The data –
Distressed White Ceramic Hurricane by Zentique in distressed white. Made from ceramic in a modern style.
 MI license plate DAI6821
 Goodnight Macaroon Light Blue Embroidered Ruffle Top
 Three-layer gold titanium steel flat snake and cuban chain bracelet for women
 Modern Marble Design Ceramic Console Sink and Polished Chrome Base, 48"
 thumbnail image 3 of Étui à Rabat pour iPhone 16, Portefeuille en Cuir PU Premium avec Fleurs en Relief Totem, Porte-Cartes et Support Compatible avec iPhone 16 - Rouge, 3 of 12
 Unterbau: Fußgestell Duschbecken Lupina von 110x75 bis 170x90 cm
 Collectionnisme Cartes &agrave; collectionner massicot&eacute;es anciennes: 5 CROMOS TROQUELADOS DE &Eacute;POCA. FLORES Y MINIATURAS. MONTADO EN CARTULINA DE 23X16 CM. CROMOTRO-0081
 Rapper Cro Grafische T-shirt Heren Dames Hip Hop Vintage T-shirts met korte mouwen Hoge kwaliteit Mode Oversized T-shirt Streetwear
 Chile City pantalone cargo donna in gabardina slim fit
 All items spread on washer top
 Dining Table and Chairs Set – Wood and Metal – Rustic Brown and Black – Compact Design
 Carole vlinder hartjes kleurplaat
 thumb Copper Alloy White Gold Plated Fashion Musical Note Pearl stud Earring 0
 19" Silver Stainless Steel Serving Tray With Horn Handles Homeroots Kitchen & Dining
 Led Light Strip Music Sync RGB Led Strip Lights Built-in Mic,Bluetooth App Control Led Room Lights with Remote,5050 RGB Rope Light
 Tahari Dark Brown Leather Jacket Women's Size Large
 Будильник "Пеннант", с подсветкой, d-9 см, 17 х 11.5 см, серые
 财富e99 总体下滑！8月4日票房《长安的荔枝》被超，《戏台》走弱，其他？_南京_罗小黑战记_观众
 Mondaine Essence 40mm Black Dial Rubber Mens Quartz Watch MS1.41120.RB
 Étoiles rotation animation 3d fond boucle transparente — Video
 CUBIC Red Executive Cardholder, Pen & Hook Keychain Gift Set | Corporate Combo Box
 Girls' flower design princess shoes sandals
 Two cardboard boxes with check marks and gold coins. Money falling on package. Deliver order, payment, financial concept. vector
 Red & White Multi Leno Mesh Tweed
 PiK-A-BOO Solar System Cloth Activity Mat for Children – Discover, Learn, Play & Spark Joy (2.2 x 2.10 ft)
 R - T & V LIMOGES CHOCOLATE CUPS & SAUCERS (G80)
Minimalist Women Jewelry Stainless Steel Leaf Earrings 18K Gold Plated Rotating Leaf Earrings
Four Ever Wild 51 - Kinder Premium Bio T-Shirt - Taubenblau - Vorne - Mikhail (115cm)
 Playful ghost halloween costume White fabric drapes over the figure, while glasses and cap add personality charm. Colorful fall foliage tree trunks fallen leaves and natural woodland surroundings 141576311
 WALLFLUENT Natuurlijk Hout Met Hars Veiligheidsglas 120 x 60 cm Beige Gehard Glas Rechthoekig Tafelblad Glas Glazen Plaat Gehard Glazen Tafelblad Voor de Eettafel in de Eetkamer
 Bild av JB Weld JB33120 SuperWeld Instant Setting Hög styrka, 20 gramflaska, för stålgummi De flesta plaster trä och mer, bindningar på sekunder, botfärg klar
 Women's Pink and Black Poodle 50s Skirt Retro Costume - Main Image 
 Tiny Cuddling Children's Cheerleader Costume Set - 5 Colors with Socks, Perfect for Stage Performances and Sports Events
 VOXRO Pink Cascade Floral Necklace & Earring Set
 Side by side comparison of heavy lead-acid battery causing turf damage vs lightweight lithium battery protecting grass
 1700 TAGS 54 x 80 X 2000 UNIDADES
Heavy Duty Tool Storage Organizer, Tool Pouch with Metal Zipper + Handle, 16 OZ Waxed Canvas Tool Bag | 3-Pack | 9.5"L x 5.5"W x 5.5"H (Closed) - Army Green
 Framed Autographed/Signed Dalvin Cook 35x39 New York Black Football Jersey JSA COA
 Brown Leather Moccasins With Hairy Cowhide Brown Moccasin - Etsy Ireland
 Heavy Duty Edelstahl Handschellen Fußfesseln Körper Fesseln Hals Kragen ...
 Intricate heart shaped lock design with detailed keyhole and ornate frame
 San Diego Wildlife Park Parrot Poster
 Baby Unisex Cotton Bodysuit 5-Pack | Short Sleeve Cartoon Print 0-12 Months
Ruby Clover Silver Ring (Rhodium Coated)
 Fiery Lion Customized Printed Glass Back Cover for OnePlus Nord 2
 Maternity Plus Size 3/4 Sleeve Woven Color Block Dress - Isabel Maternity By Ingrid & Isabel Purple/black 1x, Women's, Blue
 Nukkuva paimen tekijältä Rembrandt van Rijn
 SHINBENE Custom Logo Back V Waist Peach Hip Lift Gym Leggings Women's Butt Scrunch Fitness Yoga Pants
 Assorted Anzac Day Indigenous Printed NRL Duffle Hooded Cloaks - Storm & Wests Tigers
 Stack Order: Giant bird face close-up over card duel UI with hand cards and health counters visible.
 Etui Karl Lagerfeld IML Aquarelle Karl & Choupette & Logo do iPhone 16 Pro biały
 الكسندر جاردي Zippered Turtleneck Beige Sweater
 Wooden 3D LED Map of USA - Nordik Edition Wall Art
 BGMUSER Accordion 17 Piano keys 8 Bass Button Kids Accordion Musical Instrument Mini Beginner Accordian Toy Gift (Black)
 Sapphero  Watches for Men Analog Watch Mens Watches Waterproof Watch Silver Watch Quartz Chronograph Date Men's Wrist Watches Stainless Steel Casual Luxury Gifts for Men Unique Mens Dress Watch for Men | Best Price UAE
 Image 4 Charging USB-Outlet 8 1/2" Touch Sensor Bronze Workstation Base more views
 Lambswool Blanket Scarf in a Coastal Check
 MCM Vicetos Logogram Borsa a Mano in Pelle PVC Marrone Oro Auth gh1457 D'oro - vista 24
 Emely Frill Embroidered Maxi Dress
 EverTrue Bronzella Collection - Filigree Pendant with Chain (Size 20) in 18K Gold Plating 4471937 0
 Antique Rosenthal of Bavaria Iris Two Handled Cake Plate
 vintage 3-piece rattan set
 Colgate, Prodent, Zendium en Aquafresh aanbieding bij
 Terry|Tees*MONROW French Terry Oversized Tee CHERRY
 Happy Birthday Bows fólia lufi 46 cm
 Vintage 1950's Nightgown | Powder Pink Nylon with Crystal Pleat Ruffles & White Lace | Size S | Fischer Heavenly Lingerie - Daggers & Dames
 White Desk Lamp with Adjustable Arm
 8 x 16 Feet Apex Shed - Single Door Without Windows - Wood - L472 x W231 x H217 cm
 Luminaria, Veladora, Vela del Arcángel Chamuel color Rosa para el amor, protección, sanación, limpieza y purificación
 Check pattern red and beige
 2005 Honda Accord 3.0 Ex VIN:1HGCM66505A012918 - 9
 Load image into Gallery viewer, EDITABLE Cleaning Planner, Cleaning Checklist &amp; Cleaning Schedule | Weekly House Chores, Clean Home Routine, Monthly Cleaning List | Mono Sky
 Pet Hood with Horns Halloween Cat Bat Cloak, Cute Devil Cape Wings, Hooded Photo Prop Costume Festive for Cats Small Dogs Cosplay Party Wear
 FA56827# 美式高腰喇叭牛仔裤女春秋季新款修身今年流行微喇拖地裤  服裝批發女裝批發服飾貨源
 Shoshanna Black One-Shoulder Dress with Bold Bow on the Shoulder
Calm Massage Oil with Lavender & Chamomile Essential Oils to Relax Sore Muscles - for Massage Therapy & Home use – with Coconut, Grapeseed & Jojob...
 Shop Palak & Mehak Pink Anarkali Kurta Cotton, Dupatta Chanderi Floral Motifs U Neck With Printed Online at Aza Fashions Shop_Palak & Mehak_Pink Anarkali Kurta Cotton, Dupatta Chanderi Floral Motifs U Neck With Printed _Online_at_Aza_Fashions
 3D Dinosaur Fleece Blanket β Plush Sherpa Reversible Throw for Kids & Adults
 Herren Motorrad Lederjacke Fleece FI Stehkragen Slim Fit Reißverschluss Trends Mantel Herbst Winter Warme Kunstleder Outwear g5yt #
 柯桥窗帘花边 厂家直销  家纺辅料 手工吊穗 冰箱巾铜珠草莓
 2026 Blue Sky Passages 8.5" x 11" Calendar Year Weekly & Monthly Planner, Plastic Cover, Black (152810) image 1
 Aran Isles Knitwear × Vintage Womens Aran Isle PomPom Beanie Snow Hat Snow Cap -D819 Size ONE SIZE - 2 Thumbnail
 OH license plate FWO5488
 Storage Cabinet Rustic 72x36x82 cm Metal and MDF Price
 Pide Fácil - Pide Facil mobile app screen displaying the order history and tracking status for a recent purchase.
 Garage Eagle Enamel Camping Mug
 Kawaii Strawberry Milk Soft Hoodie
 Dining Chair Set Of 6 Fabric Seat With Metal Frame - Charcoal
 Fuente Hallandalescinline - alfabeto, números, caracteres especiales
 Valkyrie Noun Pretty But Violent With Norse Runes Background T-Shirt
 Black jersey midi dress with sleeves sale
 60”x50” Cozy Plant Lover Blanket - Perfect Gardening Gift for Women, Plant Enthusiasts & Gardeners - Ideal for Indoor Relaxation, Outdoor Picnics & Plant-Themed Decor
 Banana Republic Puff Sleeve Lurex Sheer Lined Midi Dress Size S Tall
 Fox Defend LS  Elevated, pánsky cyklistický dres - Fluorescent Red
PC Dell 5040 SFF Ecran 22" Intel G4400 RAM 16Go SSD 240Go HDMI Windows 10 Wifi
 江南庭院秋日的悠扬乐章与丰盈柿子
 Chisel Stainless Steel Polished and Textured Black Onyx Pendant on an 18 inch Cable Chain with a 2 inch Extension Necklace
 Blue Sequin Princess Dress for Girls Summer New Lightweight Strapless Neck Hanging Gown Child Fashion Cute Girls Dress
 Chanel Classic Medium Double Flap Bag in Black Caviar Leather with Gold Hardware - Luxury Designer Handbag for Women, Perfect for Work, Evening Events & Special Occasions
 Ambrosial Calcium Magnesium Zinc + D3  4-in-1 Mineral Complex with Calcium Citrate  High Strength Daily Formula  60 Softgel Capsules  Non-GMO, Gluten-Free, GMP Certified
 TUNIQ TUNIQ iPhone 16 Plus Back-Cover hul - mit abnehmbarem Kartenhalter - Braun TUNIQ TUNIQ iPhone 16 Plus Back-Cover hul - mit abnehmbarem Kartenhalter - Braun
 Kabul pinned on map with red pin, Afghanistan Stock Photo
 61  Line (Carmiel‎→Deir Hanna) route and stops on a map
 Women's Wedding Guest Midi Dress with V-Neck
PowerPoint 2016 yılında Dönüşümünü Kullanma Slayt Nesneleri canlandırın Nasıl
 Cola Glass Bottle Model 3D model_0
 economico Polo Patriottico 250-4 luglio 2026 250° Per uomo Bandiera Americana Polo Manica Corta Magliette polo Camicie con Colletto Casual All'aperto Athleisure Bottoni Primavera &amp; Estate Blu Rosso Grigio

What is required – Looking at the records above, return exactly the lines from the line with "Happy Birthday Bows fólia lufi 46 cm" to the line with "8 x 16 Feet", both ends included.

The completed task –
 Happy Birthday Bows fólia lufi 46 cm
 Vintage 1950's Nightgown | Powder Pink Nylon with Crystal Pleat Ruffles & White Lace | Size S | Fischer Heavenly Lingerie - Daggers & Dames
 White Desk Lamp with Adjustable Arm
 8 x 16 Feet Apex Shed - Single Door Without Windows - Wood - L472 x W231 x H217 cm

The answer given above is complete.